### Exercise:
Retype the listing exactly, with no images.

### Data block:
=== Begin Enclosure ===

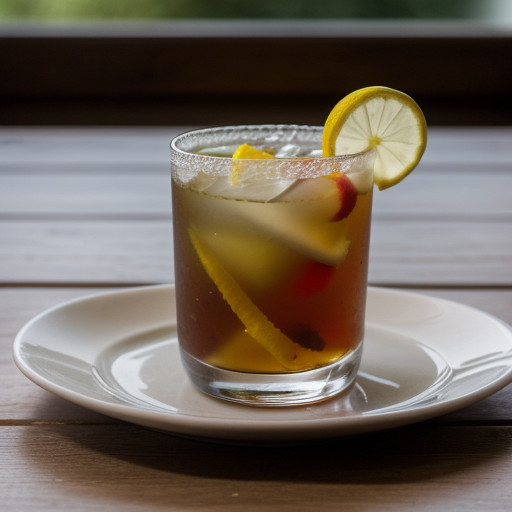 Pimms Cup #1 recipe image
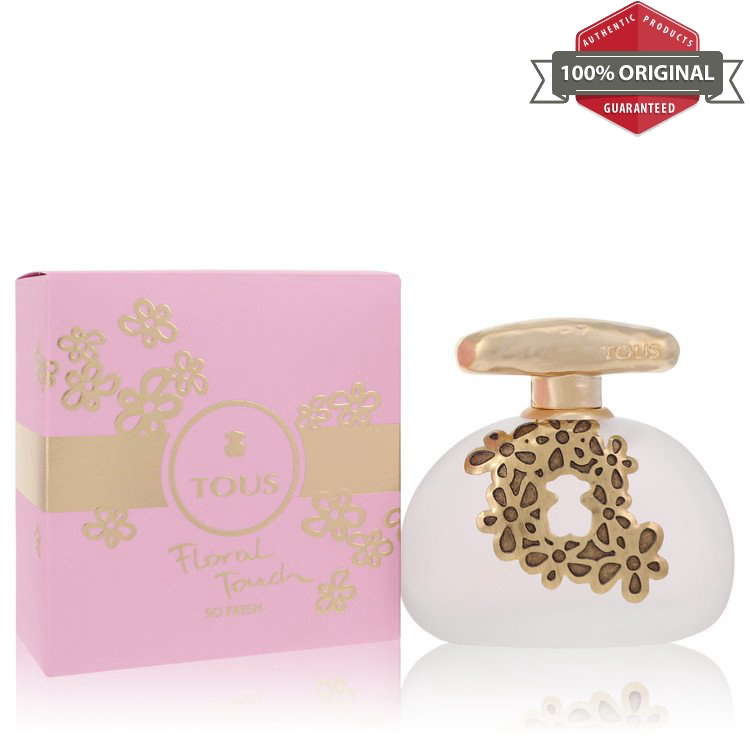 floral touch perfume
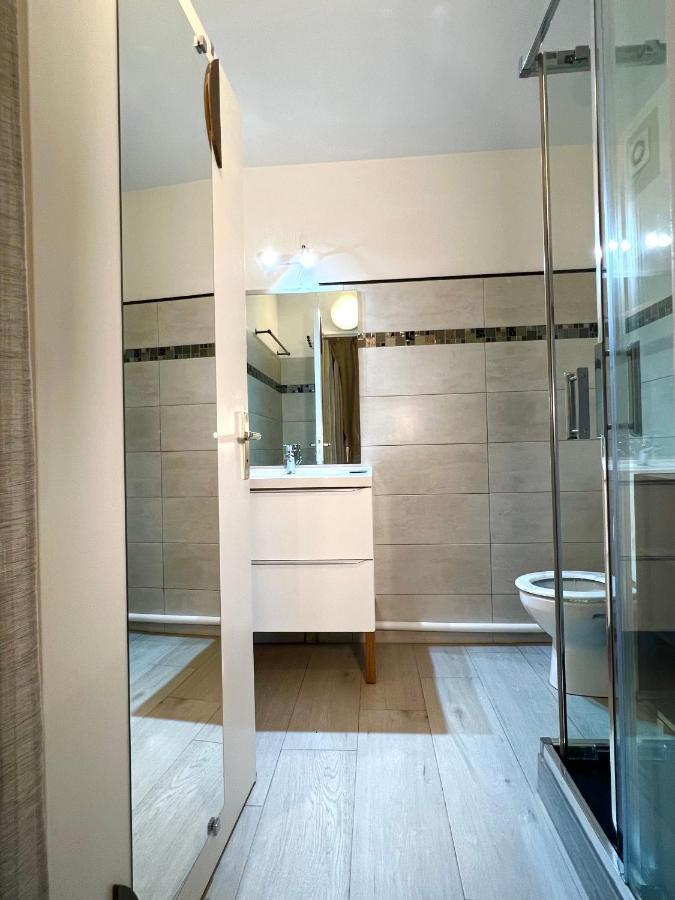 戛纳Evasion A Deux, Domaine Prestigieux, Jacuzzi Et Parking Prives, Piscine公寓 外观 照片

=== End Enclosure ===

### Answer to the exercise:
 Pimms Cup #1 recipe image
 floral touch perfume
 戛纳Evasion A Deux, Domaine Prestigieux, Jacuzzi Et Parking Prives, Piscine公寓 外观 照片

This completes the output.